12/11/2018 13:15 GMT

NHS Pulls Out Of Data-Sharing Deal With Home Office Immigration Enforcers

The agreement reportedly left seriously ill migrants too scared to get medical help.

PA Wire/PA Images
NHS Digital has pulled out of a controversial data-sharing arrangement with the Home Office 

The NHS has pulled out of a controversial data-sharing arrangement with the Home Office which saw confidential patients’ details passed on to immigration enforcers.

In May, the government suspended the ‘memorandum of understanding’ agreement between the health service and the Home Office after MPs, doctors and health charities warned it was leaving seriously ill migrants too afraid to seek medical treatment. 

But on Tuesday, NHS Digital announced that it was cutting itself out of the agreement altogether. 

“NHS Digital has received a revised narrowed request from the Home Office and is discussing this request with them,” a spokesperson for the data-branch of the health service said, adding that they have “formally closed-out our participation” in the previous memorandum of understanding. 

The anxieties of “multiple stakeholder communities” to ensure the agreement made by the government was respected was taken into account in the decision, they added. 

Meanwhile, the Home Office confirmed it was working to agree a new deal with NHS Digital which would only allow it to make requests for data about migrants “facing deportation action because they have committed serious crimes, or where information necessary to protect someone’s welfare”. 

The move has been welcomed by campaigners, with Migrants’ Rights Network director Rita Chadra saying that many migrants had missed out on “the right to privacy and access to healthcare” because of the data-sharing mechanism. 

“We are delighted that the government is starting to dismantle the hostile environment by conceding that deterring people from accessing health services is cruel, inhumane and ultimately more costly,” she added.
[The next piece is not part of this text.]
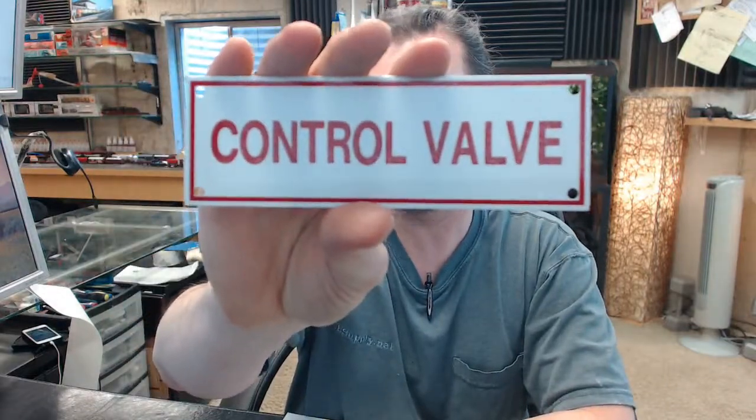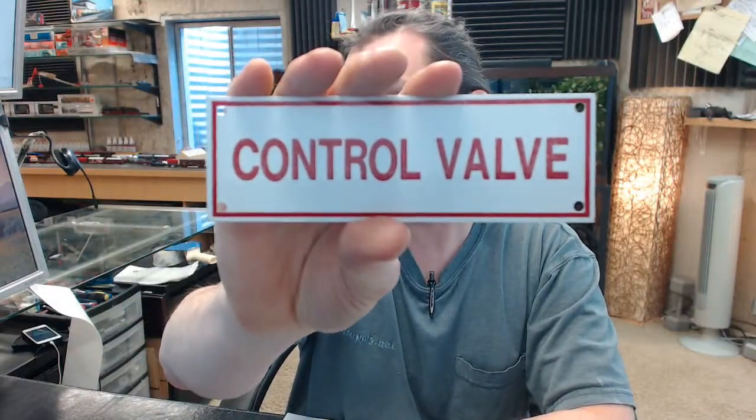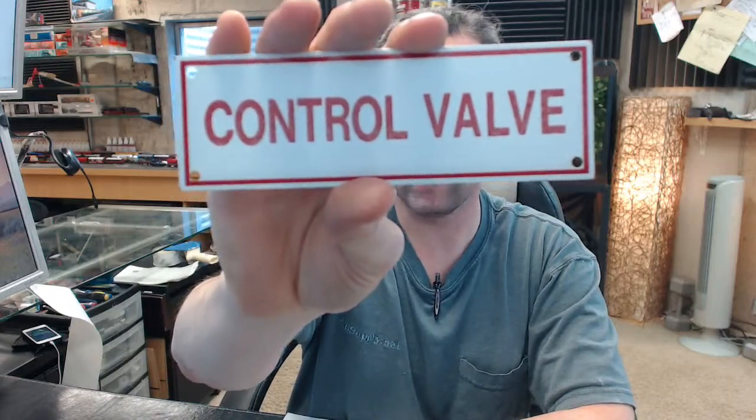Hello, my name is Rich Howard, owner of Architectural Builder Supply. This video is to bring you a closer look at the Brooks No. A143 Sprinkler Identification Sign Control Valve.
Meanwhile Lara Ten Caten, lawyer for human rights group Liberty, added: “This secret data-sharing deal undermined every principle our health service is built on, showing contempt for confidentiality and forcing people to choose between self-medicating and detention and possible deportation. 

“This stand-down by the government is a huge victory for everyone who believes we should be able to access healthcare safely – and particularly for doctors and nurses who had become complicit in the government’s hostile environment against their will.”

She added: “This triumph shows that if we stand up to xenophobic policies, we can and will dismantle them.”


“During discussions in the House of Commons on the Data Protection Act, on 9 May this year, the government committed to a narrowing of the sharing of personal demographic data between NHS Digital and the Home Office to cases involving serious criminality only. 

NHS Digital has received a revised narrowed request from the Home Office and is discussing this request with them. 

We will, as we have previously committed, consult widely before concluding whether this new data sharing request is in the public interest. This consultation will be open: representations received and judgements made will be shared publicly. 

The new request calls upon a different legal basis for data sharing which will require a materially different MoU. Given this, and the expectation that it will take several more months to conclude consultation and drafting, and our recognition that multiple stakeholder communities are anxious to ensure that the agreement of 9 May is respected, we have formally closed-out our participation in the exiting MoU, which has been paused since May. 

If our assessment of the new request, post consultation, is that it is in the public interest to share the requested data, then we will sign a new MoU with the Home Office.”